EXERCISE DETAILS =
Please restate the data below word for word, omitting all images.

━━━ COLLECTED DATA ━━━

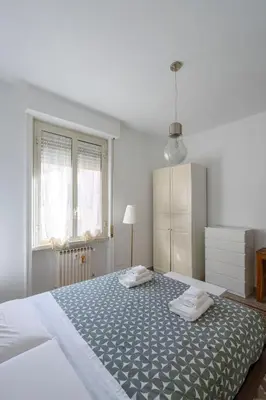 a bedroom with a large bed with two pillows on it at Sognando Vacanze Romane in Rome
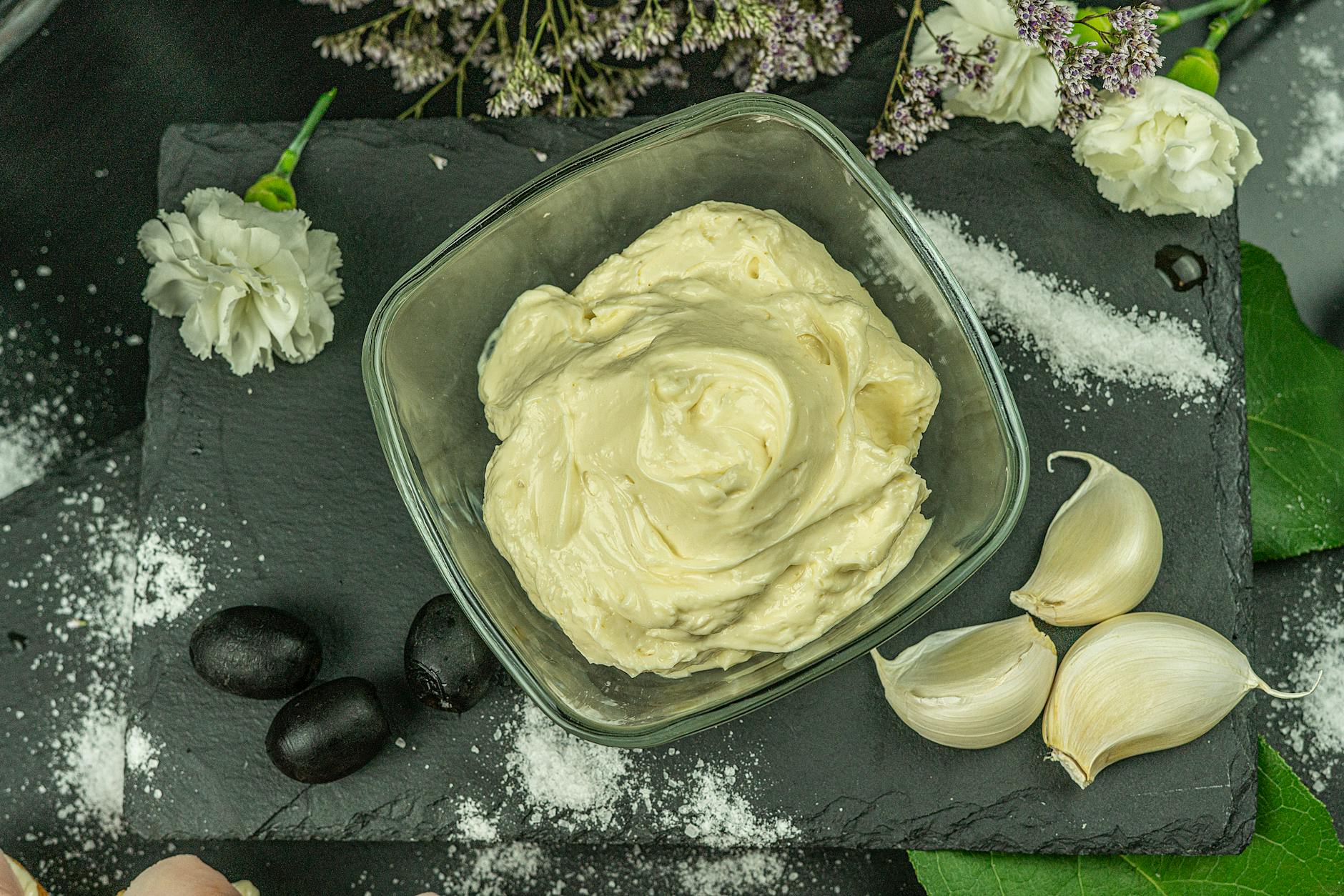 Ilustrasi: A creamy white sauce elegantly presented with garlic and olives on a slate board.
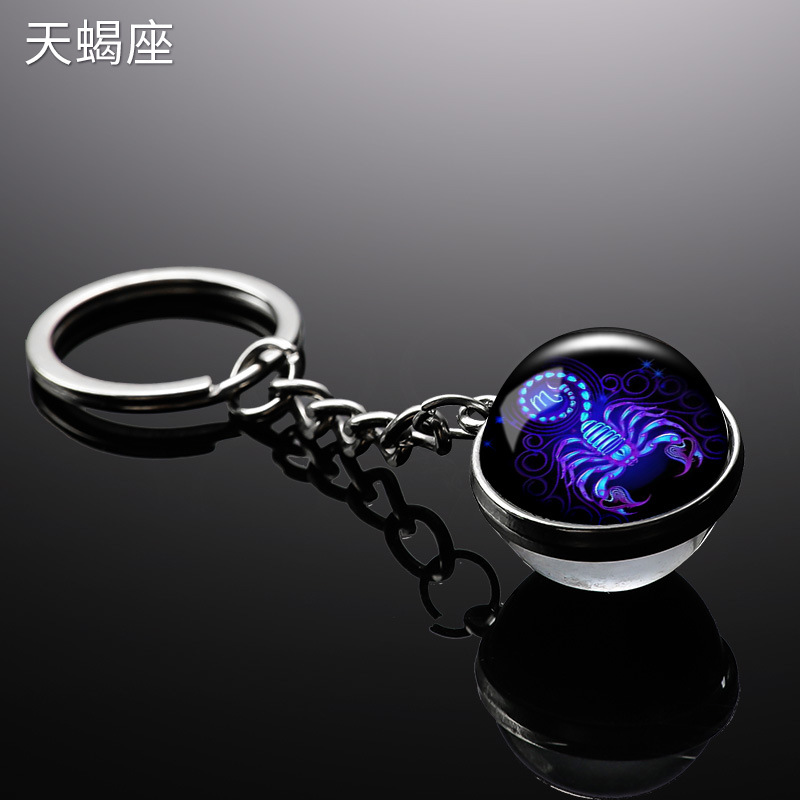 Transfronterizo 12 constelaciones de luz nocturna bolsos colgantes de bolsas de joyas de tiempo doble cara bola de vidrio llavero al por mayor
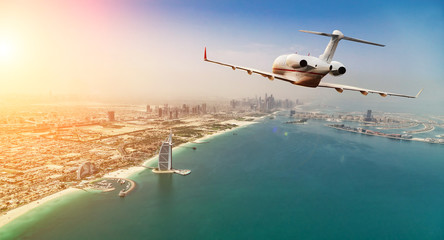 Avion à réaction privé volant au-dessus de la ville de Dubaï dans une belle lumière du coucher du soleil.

━━━

EXERCISE ANSWER =
 a bedroom with a large bed with two pillows on it at Sognando Vacanze Romane in Rome
 Ilustrasi: A creamy white sauce elegantly presented with garlic and olives on a slate board.
 Transfronterizo 12 constelaciones de luz nocturna bolsos colgantes de bolsas de joyas de tiempo doble cara bola de vidrio llavero al por mayor
 Avion à réaction privé volant au-dessus de la ville de Dubaï dans une belle lumière du coucher du soleil.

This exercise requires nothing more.